Shochu – Japanese alcohol that is distilled from rice, brown sugar, sweet potatoes, barley, or other plants. It contains a moderate percentage of alcohol and is often drank with a mixer.
Sake – Probably the most famous Japanese alcohol, this one is made by fermenting rice. Unlike beer or wine, it has a much higher alcohol percentage of roughly 15-20%.
Snacks & Candy
Got a sweet tooth? Check out any of these Japanese goodies:
Kit-Kats – Yes, they are American, but Japan is full of different flavored Kit-Kats! Like matcha green tea, strawberry, and fall chestnut.
Pocky – ‘biscuit sticks’ dipped in chocolate, strawberry, or other flavored coatings.
Mochi – Made from rice, this sweet has a gummy-like texture and is usually filled with red bean paste, matcha, or other flavors.
Mochi ice cream – Take the mochi I just described and fill it with ice cream. You’re welcome. (Check out My/Mo in your grocery store’s freezer!)
Watch a Japanese Movie
Anything by Studio Ghibli
If there’s one thing that really stands out in Japanese film, it’s Studio Ghibli. Creator of the famous movies Princess Mononoke, Howl’s Moving Castle, My Neighbor Totoro, Spirited Away, and so many others, Ghibli films are incredible! My favorite? Kiki’s Delivery Service. It’s adorable!
The Grudge & The Ring
Both of these horror films were Americanized and released in the US. But if you want a true scare, watch the original Japanese versions.
An American movie set in Japan, in a place known as “Suicide Forest” at the foot of Mount Fuji. The lead character is played by Natalie Dormer (from Game of Thrones) who goes on a quest to find her missing twin sister in this suspenseful story.
A recent anime that’s not from Studio Ghibli, this film won several awards and is a well-loved romantic fantasy.
Pokemon, Sailor Moon, & One Piece
You can never go wrong with traditional Japanese anime. And each of theses series has enough episodes to entertain you and the kids for ages!
Learn the Lingo
Most people know some basics in Japanese, even if they don’t realize it! Thanks to a famous song about a robot, we know “arigato” means “thank you”. The counterpart? “Doitashimashite” is a very fun way to say “you’re welcome”!
When your guests enter your house for your Japanese culture night, greet them with “kon-nichiwa” and bid them farewell with “sayonara”.
Play Japanese Games
Japan is known for so many pop culture staples, and rightfully so.
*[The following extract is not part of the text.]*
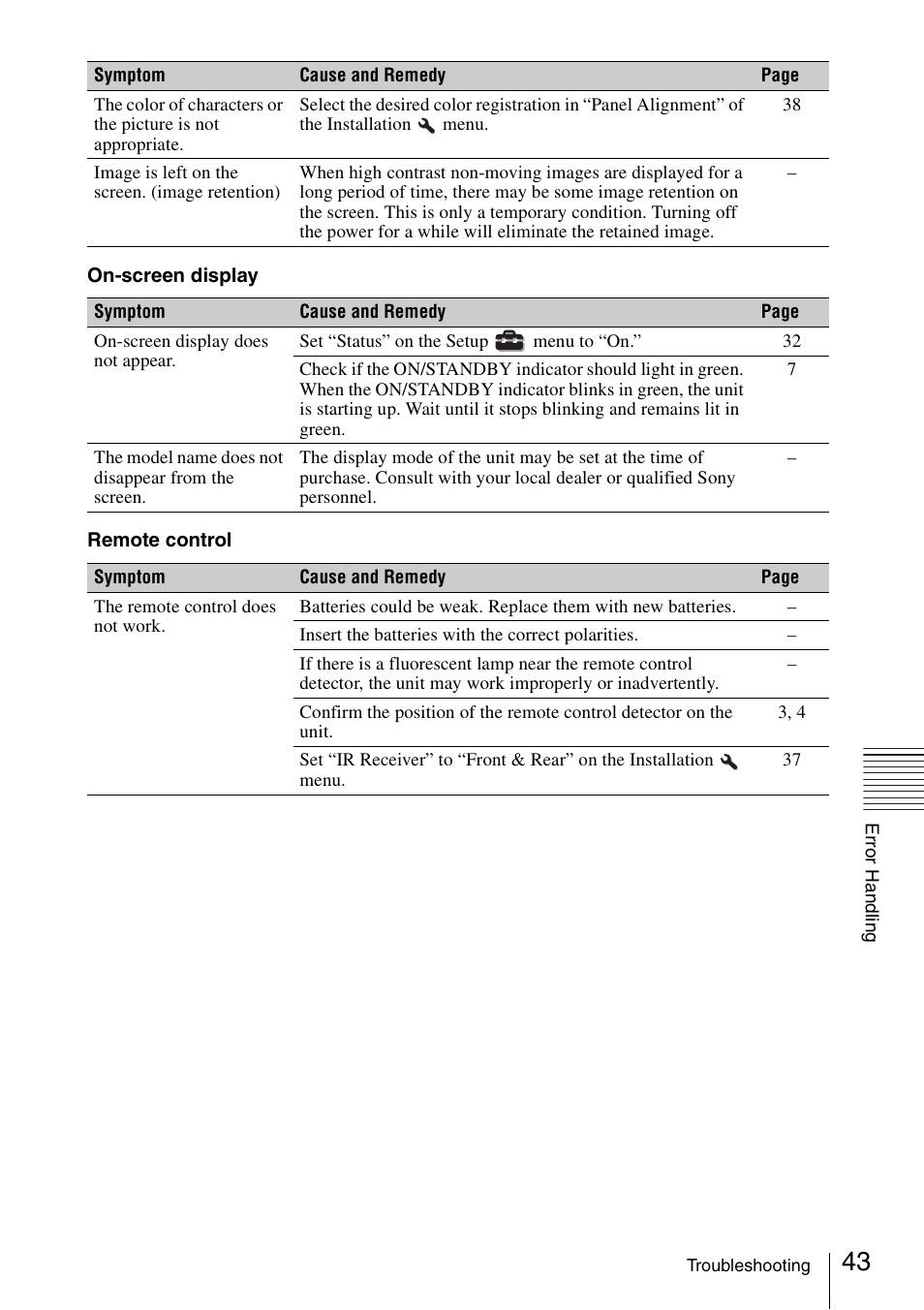 Sony VPL-VW600ES User Manual | Page 43 / 88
One of the best? Video games! Nintendo has been a favorite for so many years, and there are lots of great options to play. You can choose to go old school with the classic Nintendo or the N64, or you go for something handheld, like the DS or the Switch. Either way, it’s a great way to entertain the family.
Did you know that you can go-kart around the streets of Tokyo? It’s almost like real-life Mario Kart!
Not into video games? There are plenty of board games from Japan as well – and they are all fantastic! My husband and I are huge board game nerds, and we have several Japanese board games on our shelves. A few favorites are Machi Koro, Tokaido, Takenoko, and Sushi Go. Check them out for yourself!
If you want to get out of the house for a short while, take a walk and catch some Pokemon! While the craze to ‘catch them all’ seems to come and go in the US, it is ever-present in Japan. There are even several Pokemon centers around Tokyo!
Lastly, for an even more subdued activity, you can never go wrong with reading some traditional anime comic books. There are so many good ones to choose from!
Enjoy Japan… At Home
Now that you have all the pieces to host your own Japanese culture night, you’re in for a treat! You might just find this a regular occurrence in your house.